Federal Highway Administrator Rodney Slater, Missouri Highways and Transportation Department Chief Engineer Joe Mickes and Kurt Brown of the Illinois Department of Transportation will be in Cape Girardeau Friday to participate in groundbreaking ceremonies for the Bill Emerson Memorial Bridge.
The ceremony, to be conducted by the highway department and the Cape Girardeau Chamber of Commerce, will be held at Asher Street and new Highway 74 at 3:30 p.m.
Among lawmakers who will attend are Republican U.S. Sens. Christopher "Kit" Bond and John Ashcroft of Missouri and Republican U.S. Reps. Glenn Poshard and Jerry Costello of Southern Illinois. Area state legislators. Missouri and Illinois highway officials and Flat Iron Construction Co. representatives have been invited.
Also attending will be Jo Ann Emerson, wife of the late U.S. Rep. Bill Emerson and an independent candidate for 8th District representative, and Marie Hahn, Bill Emerson's mother.
A tent will be set up at the groundbreaking site, which is about a block east of the South Sprigg-Highway 74 intersection.
Seven of the officials will address the ceremony, said John Mehner, president of the Chamber of Commerce. Speakers will include Slater, Brown, Mickes, Ashcroft and Bond.
Flat Iron Structures Co. of Longmont, Colo., has the contract for construction of the first phase of the bridge across the Mississippi River at Cape Girardeau. The Missouri Highways and Transportation Commission awarded a $50,854,029 contract for the major part of the Route 74 bridge July 5. The contract consists of construction of the cable-stay section of the bridge, which will span the navigational channel of the river.

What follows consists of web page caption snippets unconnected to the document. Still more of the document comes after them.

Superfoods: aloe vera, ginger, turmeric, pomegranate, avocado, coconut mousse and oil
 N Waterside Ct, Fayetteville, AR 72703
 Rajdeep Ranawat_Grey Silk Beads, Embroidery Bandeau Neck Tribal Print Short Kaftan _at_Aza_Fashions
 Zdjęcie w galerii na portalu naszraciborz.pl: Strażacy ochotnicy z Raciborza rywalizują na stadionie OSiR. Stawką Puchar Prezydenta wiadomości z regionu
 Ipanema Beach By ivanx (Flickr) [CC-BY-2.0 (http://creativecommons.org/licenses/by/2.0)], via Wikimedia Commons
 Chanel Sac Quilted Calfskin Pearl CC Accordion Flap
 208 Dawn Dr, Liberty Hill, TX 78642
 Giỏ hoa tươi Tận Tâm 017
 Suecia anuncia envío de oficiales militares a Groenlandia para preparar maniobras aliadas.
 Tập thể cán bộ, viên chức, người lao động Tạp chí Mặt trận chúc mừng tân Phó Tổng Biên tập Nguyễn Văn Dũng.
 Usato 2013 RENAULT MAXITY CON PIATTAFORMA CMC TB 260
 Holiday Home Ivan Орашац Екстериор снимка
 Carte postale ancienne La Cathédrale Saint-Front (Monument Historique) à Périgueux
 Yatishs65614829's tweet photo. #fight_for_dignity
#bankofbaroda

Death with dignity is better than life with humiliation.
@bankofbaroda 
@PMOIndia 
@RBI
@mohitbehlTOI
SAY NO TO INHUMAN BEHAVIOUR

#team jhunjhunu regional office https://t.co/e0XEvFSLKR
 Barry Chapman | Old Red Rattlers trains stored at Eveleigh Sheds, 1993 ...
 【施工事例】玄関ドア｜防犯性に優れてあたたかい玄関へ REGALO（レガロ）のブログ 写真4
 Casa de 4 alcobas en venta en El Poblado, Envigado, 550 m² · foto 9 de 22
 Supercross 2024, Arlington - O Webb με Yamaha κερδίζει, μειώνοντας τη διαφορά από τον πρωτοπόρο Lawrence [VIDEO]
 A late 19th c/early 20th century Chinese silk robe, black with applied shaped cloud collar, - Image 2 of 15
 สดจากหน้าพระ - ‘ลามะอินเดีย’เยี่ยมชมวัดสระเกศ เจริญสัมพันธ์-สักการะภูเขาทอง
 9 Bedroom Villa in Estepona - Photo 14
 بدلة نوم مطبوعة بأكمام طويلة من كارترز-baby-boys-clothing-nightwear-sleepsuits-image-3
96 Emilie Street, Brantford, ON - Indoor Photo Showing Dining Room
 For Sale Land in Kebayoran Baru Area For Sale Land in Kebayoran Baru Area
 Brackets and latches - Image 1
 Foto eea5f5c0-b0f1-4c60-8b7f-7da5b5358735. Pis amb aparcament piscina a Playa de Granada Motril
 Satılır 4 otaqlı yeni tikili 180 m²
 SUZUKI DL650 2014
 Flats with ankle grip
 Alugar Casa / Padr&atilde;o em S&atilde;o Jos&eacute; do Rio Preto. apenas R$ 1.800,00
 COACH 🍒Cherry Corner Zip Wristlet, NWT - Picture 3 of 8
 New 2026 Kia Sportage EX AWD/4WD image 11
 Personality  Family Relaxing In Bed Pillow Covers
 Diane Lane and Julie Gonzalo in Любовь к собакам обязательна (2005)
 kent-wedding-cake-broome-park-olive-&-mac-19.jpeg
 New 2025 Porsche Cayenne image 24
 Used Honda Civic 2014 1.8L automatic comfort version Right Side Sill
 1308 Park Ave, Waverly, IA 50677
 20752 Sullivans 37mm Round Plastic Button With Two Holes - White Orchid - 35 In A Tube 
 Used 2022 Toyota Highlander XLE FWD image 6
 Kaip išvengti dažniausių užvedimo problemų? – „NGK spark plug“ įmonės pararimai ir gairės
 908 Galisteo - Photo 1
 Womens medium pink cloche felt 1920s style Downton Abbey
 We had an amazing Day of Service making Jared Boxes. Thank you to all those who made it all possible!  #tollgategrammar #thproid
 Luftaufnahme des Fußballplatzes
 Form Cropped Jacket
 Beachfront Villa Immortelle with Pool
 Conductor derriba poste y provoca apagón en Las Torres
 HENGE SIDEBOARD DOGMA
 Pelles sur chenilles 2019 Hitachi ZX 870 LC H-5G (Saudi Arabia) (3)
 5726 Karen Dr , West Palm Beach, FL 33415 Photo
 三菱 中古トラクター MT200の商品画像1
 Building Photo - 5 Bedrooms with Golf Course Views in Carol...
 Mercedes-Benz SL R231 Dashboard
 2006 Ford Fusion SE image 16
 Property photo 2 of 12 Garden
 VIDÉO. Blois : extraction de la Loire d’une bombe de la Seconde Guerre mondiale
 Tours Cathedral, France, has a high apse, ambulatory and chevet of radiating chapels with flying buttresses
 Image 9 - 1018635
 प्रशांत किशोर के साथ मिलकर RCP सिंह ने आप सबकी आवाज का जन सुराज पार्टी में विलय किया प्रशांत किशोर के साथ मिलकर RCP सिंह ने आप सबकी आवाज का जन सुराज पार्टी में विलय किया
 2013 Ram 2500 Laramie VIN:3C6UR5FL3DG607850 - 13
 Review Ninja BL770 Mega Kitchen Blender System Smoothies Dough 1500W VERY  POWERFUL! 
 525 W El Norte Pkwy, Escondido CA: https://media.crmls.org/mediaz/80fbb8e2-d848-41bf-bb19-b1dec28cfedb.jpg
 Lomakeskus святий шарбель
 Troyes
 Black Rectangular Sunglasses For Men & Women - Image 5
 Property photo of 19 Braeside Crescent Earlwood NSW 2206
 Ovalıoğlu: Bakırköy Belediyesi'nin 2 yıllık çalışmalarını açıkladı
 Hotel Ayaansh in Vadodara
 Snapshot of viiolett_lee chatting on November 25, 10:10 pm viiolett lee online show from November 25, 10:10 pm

Two separate projects will be let later for construction of the remaining section of the bridge, which will cross into Illinois and over wetlands in that area.
The work will be coordinated to complete the entire structure at one time. Construction of the bridge will start in early October with a completion timetable of three to four years.
Work is already under way on an Interstate-55 interchange at the Bloomfield Road intersection that eventually will connect the interstate and the bridge route.
The four-lane span will replace a two-lane bridge that was constructed during the mid-1920s.
Overall cost of the new bridge, which will be just south of the existing span, is expected to range between $85 million and $90 million. Eighty percent of the funding is being provided by the federal government.